Crawled caption data:
= = =

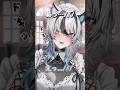 これな〜んだ？これは？俺は？推し　#推し #vtuber #shorts #新人vtuber #白狼ルフ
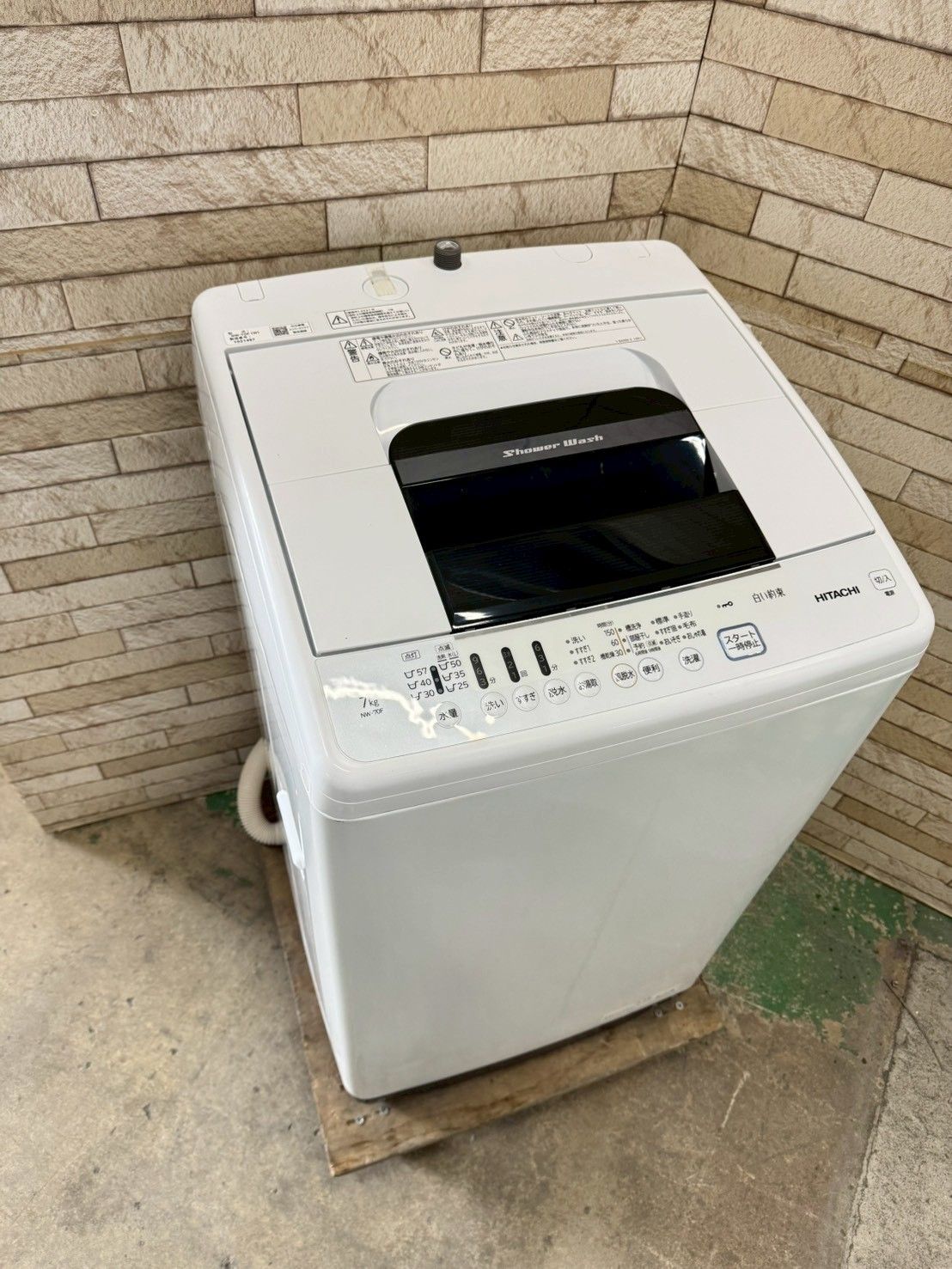 大阪送料無料☆3か月保障付き☆洗濯機☆日立☆7kg☆2021年☆NW-70F☆IS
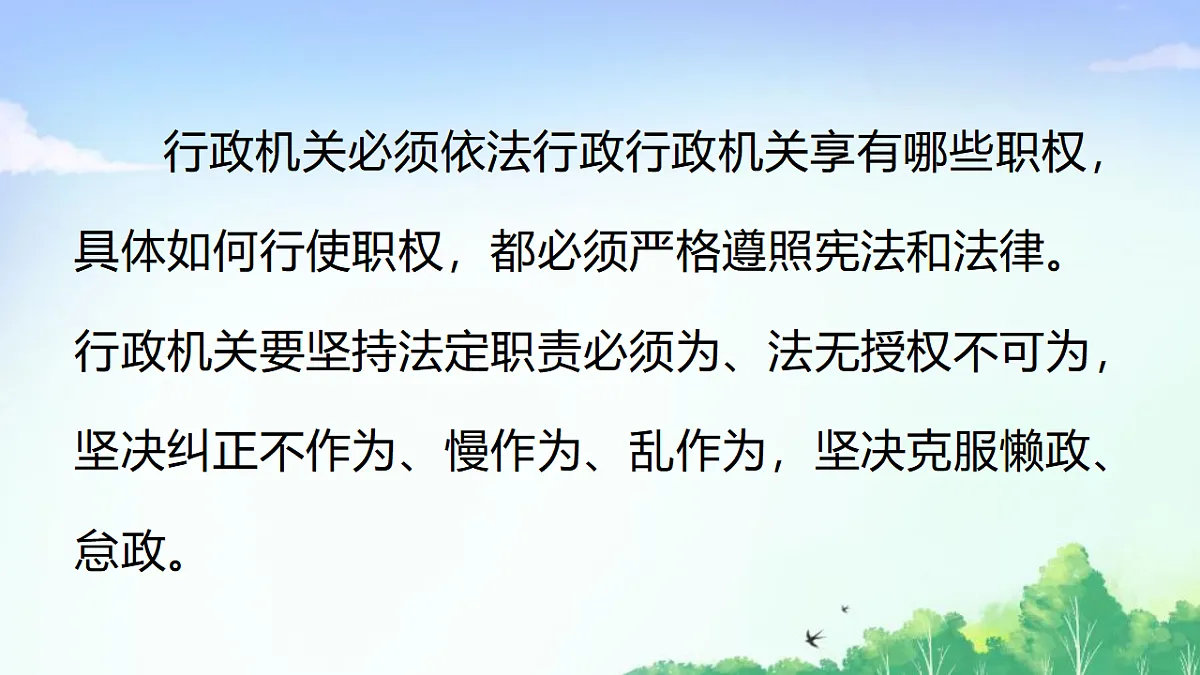 17903584第5页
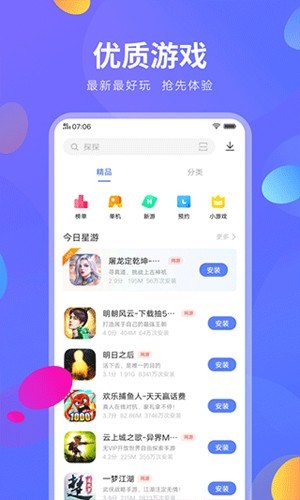 爱酷手机应用商店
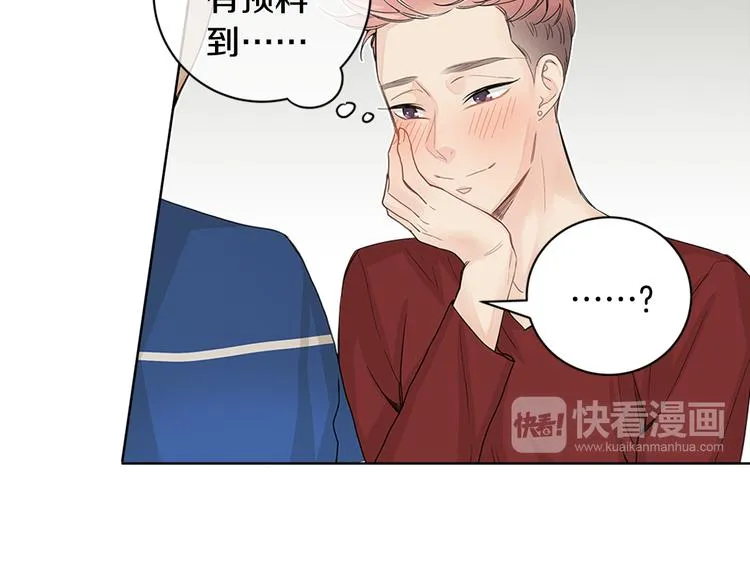 第5话 我还是挺喜欢你的… 第78页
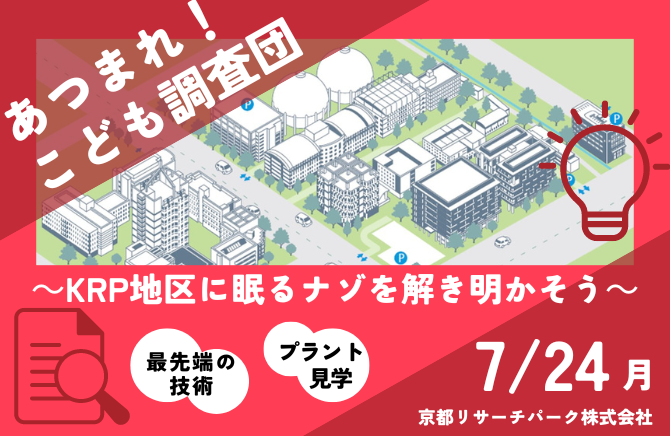 あつまれ！ こども調査団.png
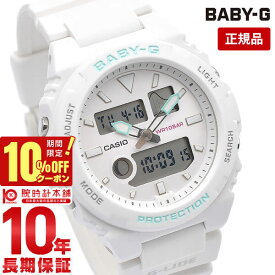 【10％OFFクーポン！4/1 0:00より】【購入後1年以内なら4500円で下取り交換可】カシオ ベビーG BABY-G BAX-100-7AJF レディース BAX1007AJF【あす楽】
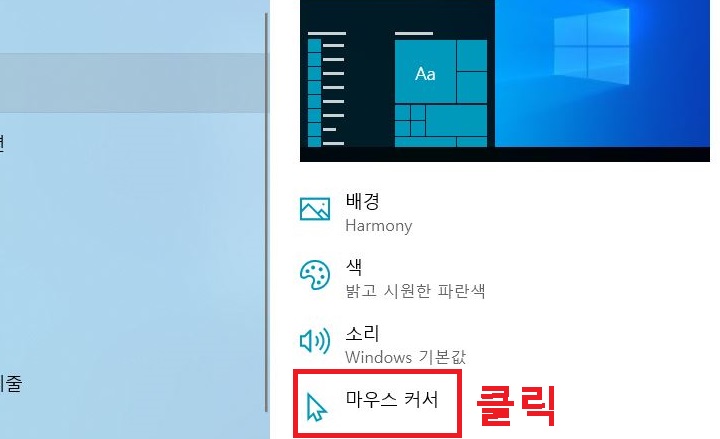 마우스 커서 메뉴 클릭함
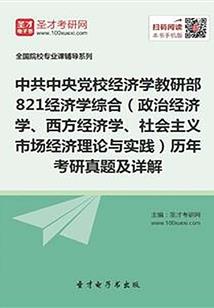月亮星座动物图片男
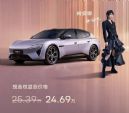 专属双色套件+乾崑智驾，阿维塔06T猎装骑士版正式上市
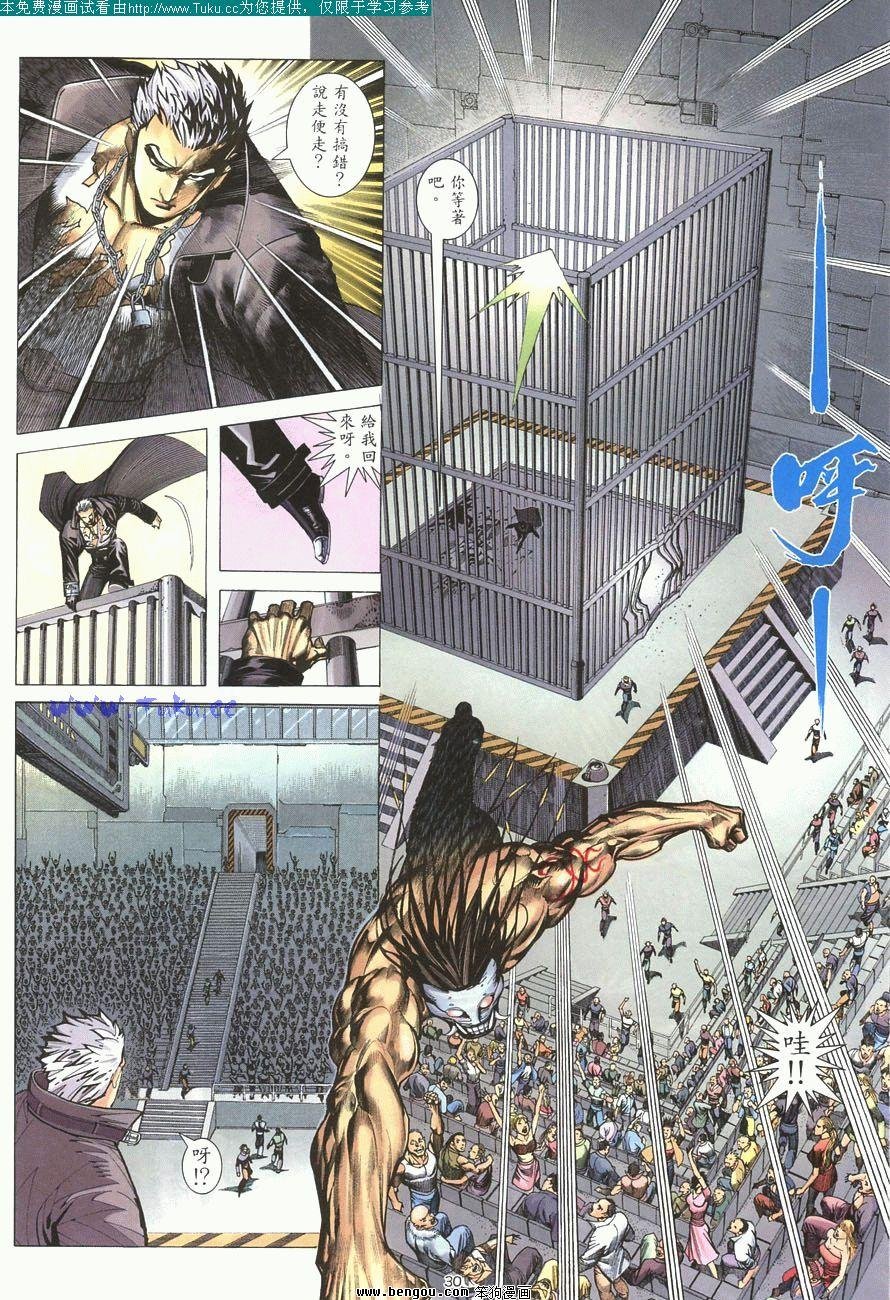 第4卷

= = =

Exercise directions: I would like the data above transcribed exactly, with its pictures left out.

Result:
 これな〜んだ？これは？俺は？推し　#推し #vtuber #shorts #新人vtuber #白狼ルフ
 大阪送料無料☆3か月保障付き☆洗濯機☆日立☆7kg☆2021年☆NW-70F☆IS
 17903584第5页
 爱酷手机应用商店
 第5话 我还是挺喜欢你的… 第78页
 あつまれ！ こども調査団.png
 【10％OFFクーポン！4/1 0:00より】【購入後1年以内なら4500円で下取り交換可】カシオ ベビーG BABY-G BAX-100-7AJF レディース BAX1007AJF【あす楽】
 마우스 커서 메뉴 클릭함
月亮星座动物图片男
 专属双色套件+乾崑智驾，阿维塔06T猎装骑士版正式上市
 第4卷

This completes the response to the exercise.